Introduction

      This paper proposes the establishment of Free Export Processing Zones (FEPZs) in Israel. FEPZs are export-led industrial parks which function as free-trade enclaves. Such enclaves create an environment conducive to competitive economic activity by freeing entrepreneurs from changing regulations and bureaucratic interference, enabling them to make efficient use of Israel's comparative economic advantages.

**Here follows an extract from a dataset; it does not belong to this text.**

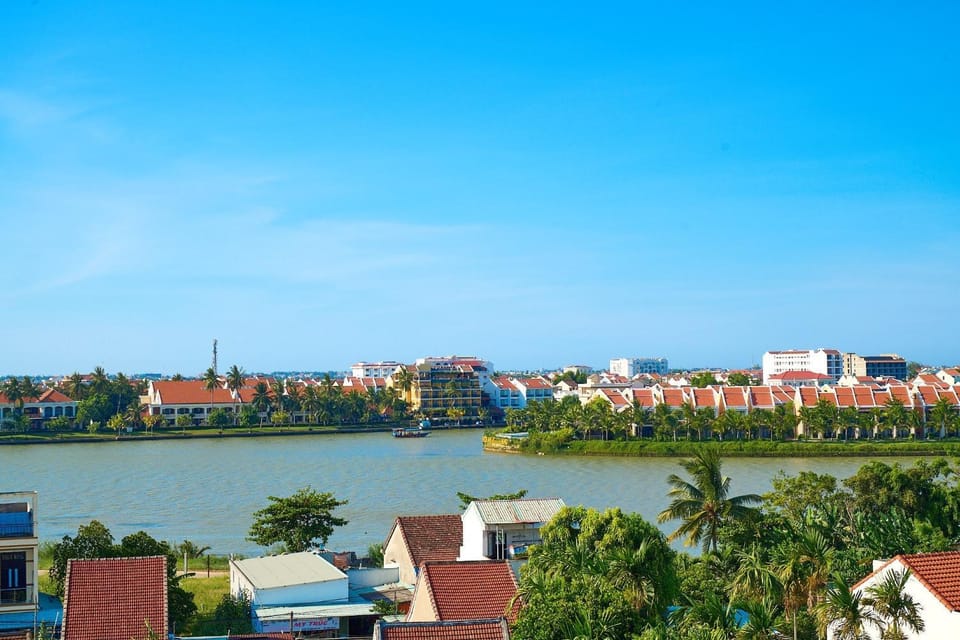 Property building, Day, Natural landscape, Bird's eye view, City view, Lake view, River view, Sea view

The establishment of Free Export Processing Zones is expected to attract massive direct foreign investment (DFI), which will serve as an engine for economic growth.

      The rationale for establishing FEPZs requires a brief description of the main impediments to economic growth in Israel.

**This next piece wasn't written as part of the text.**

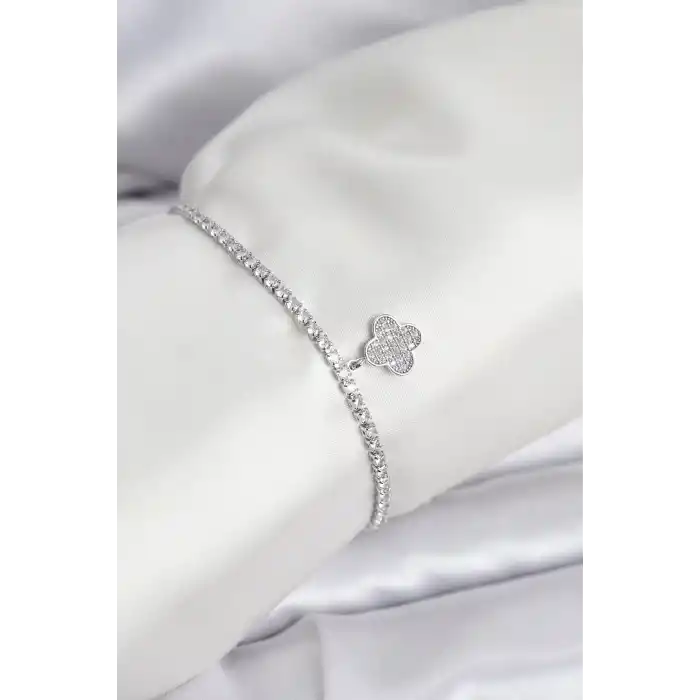 Yonca Model Zirkon Taşlı Gümüş Renk Asansörlü Su Yolu Bileklik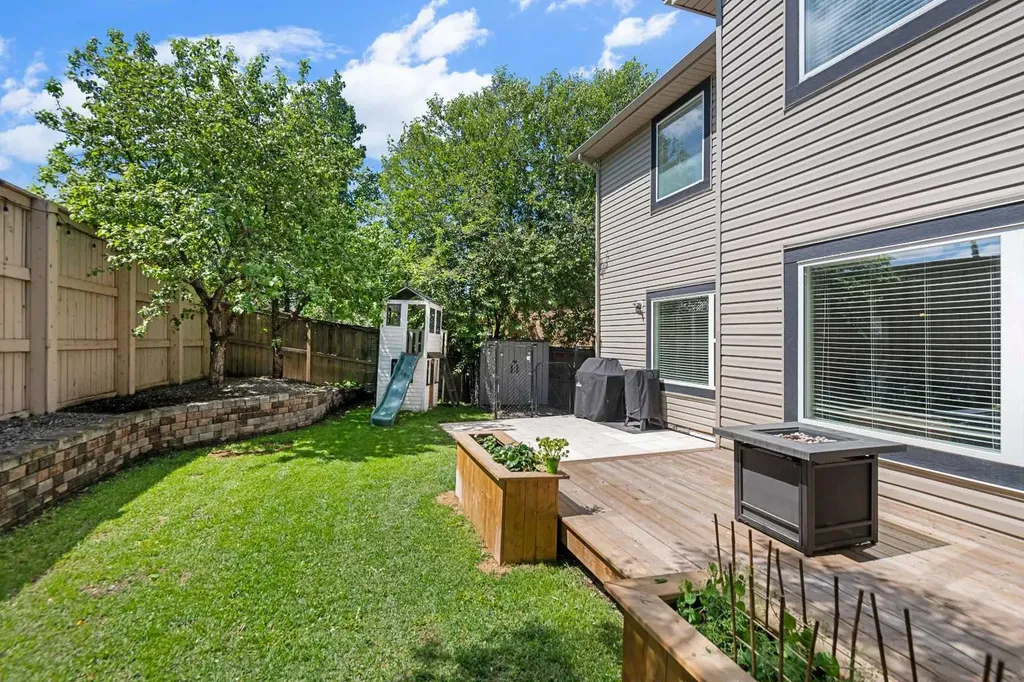 60 Chapala Square SE Calgary AB T2X 3T7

      • As a small economy, Israel depends on its capacity to export goods and conduct trade with other nations, but most of its industry concentrates on the domestic market.
      • Planned population distribution to fill out the outlying areas has created regional pockets of socio-economic distress in the Negev, Jerusalem and the Galilee.
      • Constant shifts in economic laws and regulations and massive amounts of red tape render the economy unattractive to DFI.
      • Unilateral foreign transfers and credit from abroad may be expected to shrink in the future.
      • Deficit budget financing would revive the scourge of hyper-inflation.
      • Economic stagnation leads to unemployment and a "brain drain" phenomenon.
      • No consensus exists for restructuring the economy by means of slashing transfer payments.
      • A powerful centralized trade union and monopolistic economic structure are deeply entrenched, enjoying the complicity of the main political parties.

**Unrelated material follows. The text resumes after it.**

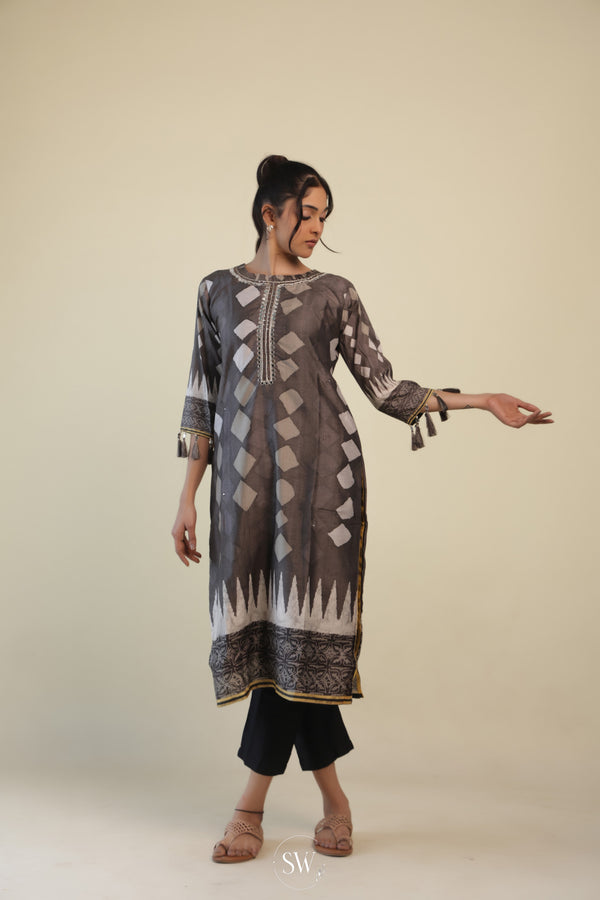 Dark Silver Grey Casual Kurti with Geometrical Design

      The establishment of FEPZs containing competitive export industries in the Negev, Jerusalem and the Galilee is an economically viable, socially desirable and politically feasible solution to the foregoing obstacles to growth.

      Free trade can best be introduced into Israel's economy by means of industrial enclaves; the alternative, exposing the whole nation to foreign competition in one fell swoop, would exact too high a price in social, political, and economic terms.

      The successful experience of other countries in achieving economic growth through FEPZs demonstrates that their implementation can be accomplished within the existing socio-economic structure and vested interests. In other countries, FEPZs created employment, generated foreign exchange earnings and attracted DFI, despite other restrictive domestic policies. The FEPZ achievements gradually percolated through the economy, reinforcing competitive and liberalizing tendencies.

      Priority must be given to attracting DFI. The FEPZ system removes the obstacles to DFI, which is then able to generate non-inflationary economic growth, improve the balance of payments and create jobs in a competitive export-oriented industry. DFI brings capital, know-how and markets with it, making DFI a low-cost and low-risk means of development. When combined with Israel's comparative advantages, DFI will enable Israel to compete in foreign markets.

      In 1989, Knesset Member Amir Peretz introduced a prototype bill to establish FEPZs in Israel. Far from perfect, the bill was a first attempt to outline some of the key elements of an FEPZ: tax exemptions, freedom from currency controls, no customs barriers, along with the removal of other impediments to profitable DFI. The bill needs improvement to protect the rights of investors from potential changes in government policy and, in particular, to secure protection from the predations of Israel's national labor monopoly. In a nutshell, the bill envisages that the government will grant a "Concessionaire" the authority to construct, manage and market the FEPZ, on a for-profit basis, to investors and entrepreneurs. The FEPZ will attempt to create genuine free-market, free-trade institutions on Israeli soil that foster prospects for massive export growth along the lines of the success stories of Hong Kong, Singapore, Taiwan, and Korea.